Quote from: jficke13 on October 23, 2015, 01:28:23 PM
Not sure if this applies, but with the cost of debt so incredibly low coupled with the fact that everyone kind of tacitly acknowledged the tuition hiking gravy train cannot go on forever, are schools embarking on the capital-intensive projects like real estate expansion and new buildings just "getting in while the getting's good?"

This is 100% what is going on.  This is why I think the university pricing and debt bubble will burst at some point.  Once student loan interest rates go up and university debt becomes more expensive it will no longer be sustainable.  There is seemingly no connection between the costs that universities incur and the quality of the product they deliver nor a connection to the price they charge.
"A Plan? Oh man, I hate plans. That means were gonna have to do stuff. Can't we just have a strategy......or a mission statement."

GGGG

Why are people assuming that student loan rates are going to increase?  The federal government makes money...billions of dollars a year...on the Direct  Loan Program.  Students will continue to take out these loans because the benefits of a college education, on average, far outweigh the costs. 

mu03eng

Quote from: The Sultan of Sunshine on October 23, 2015, 01:44:32 PM
Why are people assuming that student loan rates are going to increase?  The federal government makes money...billions of dollars a year...on the Direct  Loan Program.  Students will continue to take out these loans because the benefits of a college education, on average, far outweigh the costs.

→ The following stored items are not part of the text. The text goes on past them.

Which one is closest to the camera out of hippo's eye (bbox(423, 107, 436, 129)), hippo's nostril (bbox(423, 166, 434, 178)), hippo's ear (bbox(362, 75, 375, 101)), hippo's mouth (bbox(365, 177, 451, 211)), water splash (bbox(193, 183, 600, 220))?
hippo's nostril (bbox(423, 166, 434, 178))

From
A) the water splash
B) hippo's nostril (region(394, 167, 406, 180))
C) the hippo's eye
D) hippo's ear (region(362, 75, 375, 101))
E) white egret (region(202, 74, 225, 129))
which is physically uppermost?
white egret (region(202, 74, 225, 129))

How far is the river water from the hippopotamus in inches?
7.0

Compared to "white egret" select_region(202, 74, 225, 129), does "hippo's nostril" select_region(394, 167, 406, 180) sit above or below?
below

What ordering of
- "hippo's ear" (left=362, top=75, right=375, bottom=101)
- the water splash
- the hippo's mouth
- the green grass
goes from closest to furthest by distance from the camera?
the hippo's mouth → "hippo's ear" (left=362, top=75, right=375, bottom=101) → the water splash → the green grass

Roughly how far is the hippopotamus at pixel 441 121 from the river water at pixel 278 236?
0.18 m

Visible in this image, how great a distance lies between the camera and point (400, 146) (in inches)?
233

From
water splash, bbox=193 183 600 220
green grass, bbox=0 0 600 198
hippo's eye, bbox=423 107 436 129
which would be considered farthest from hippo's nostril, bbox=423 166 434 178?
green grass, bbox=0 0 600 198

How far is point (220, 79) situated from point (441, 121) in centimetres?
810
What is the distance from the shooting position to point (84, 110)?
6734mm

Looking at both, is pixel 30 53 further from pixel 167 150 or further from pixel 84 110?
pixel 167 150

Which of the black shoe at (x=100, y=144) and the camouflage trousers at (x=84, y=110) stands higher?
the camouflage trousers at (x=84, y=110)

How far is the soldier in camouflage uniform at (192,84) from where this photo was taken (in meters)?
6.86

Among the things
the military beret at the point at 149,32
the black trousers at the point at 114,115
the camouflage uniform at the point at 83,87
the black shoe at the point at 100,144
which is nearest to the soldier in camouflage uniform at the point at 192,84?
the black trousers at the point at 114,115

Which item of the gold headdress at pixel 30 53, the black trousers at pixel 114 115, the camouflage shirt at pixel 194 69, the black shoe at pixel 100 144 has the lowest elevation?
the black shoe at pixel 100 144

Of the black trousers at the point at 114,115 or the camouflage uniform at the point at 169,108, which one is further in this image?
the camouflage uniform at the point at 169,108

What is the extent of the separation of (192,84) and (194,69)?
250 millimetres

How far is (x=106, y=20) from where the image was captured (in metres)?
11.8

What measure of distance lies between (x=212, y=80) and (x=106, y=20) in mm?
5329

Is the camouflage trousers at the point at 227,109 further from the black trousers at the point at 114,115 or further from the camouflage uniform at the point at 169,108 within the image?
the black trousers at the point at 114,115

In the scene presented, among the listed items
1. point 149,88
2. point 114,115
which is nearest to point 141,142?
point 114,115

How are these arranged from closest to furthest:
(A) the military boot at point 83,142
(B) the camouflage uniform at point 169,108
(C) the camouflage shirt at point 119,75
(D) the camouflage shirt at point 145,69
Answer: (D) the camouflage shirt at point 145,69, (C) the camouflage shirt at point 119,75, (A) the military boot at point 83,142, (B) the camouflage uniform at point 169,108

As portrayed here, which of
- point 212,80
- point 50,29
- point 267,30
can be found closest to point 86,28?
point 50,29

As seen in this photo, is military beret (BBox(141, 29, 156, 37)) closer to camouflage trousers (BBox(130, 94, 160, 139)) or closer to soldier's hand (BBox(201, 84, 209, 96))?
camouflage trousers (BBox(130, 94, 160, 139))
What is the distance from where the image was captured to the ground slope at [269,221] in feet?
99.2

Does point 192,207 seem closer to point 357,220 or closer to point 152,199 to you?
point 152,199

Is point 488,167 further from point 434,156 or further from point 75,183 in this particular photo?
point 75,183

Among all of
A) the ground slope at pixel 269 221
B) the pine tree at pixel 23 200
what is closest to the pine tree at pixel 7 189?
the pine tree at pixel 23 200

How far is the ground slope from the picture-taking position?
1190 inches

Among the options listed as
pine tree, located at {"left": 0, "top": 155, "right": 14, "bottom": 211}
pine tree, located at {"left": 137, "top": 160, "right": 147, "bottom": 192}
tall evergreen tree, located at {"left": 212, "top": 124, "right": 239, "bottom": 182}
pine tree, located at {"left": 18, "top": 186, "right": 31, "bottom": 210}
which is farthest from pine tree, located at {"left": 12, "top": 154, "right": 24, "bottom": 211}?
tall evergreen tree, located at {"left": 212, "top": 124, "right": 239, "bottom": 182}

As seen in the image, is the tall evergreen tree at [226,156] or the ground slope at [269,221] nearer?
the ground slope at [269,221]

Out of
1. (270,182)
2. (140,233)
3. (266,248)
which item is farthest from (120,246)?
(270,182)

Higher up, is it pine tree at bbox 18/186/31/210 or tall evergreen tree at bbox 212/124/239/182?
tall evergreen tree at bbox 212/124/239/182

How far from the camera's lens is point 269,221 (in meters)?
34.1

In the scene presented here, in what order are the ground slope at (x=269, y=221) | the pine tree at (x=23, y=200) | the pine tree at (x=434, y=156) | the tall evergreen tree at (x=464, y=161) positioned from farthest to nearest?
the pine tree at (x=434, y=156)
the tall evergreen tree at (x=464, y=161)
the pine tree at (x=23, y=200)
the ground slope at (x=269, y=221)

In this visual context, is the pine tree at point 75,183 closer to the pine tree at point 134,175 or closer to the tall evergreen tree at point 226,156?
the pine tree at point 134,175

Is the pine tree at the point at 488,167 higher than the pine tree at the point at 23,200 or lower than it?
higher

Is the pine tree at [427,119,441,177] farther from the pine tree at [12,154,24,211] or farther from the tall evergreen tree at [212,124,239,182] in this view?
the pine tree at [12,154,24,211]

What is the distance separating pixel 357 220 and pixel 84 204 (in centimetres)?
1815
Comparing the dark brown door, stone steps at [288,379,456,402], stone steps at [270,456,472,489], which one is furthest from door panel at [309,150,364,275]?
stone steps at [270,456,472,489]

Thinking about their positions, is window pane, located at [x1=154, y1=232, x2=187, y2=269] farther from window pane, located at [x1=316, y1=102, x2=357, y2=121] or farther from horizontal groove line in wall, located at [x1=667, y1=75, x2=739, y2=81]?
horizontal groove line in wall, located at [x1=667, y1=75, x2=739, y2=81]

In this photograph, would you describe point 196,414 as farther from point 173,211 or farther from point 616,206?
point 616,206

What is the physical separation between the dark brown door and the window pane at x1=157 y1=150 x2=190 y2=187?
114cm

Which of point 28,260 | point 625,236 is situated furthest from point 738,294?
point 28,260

Because they are going to have to increase, as the government debt service goes up with increasing interest rates they are going to have to generate more revenue.
"A Plan? Oh man, I hate plans. That means were gonna have to do stuff. Can't we just have a strategy......or a mission statement."

warriorchick

Quote from: ChitownSpaceForRent on October 23, 2015, 12:49:47 PM
Didn't know that but I dint think that's the case nowadays. They're tearing down a parking lot to build a new pediatric teaching hospital, so now they're tearing down infrastructure to build new things. Maybe that was the case with the project that finished 2 years ago or so but I don't think that's the case now.

If you are including a new hospital in with campus expansion, then you are not really comparing apples to apples.

That place is a medical care facility as much, if not more, than an place to educate students.  And it has a built-in source of revenue. 
Have some patience, FFS.

Eldon

#24
Here's a big part of the problem:



For-profit colleges are shams.  Kudos to the Obama administration for FINALLY starting to realize this, but, it was way overdue. 

I think these schools should be fined for false advertising.  I also think that they should have their FAFSA funding cut.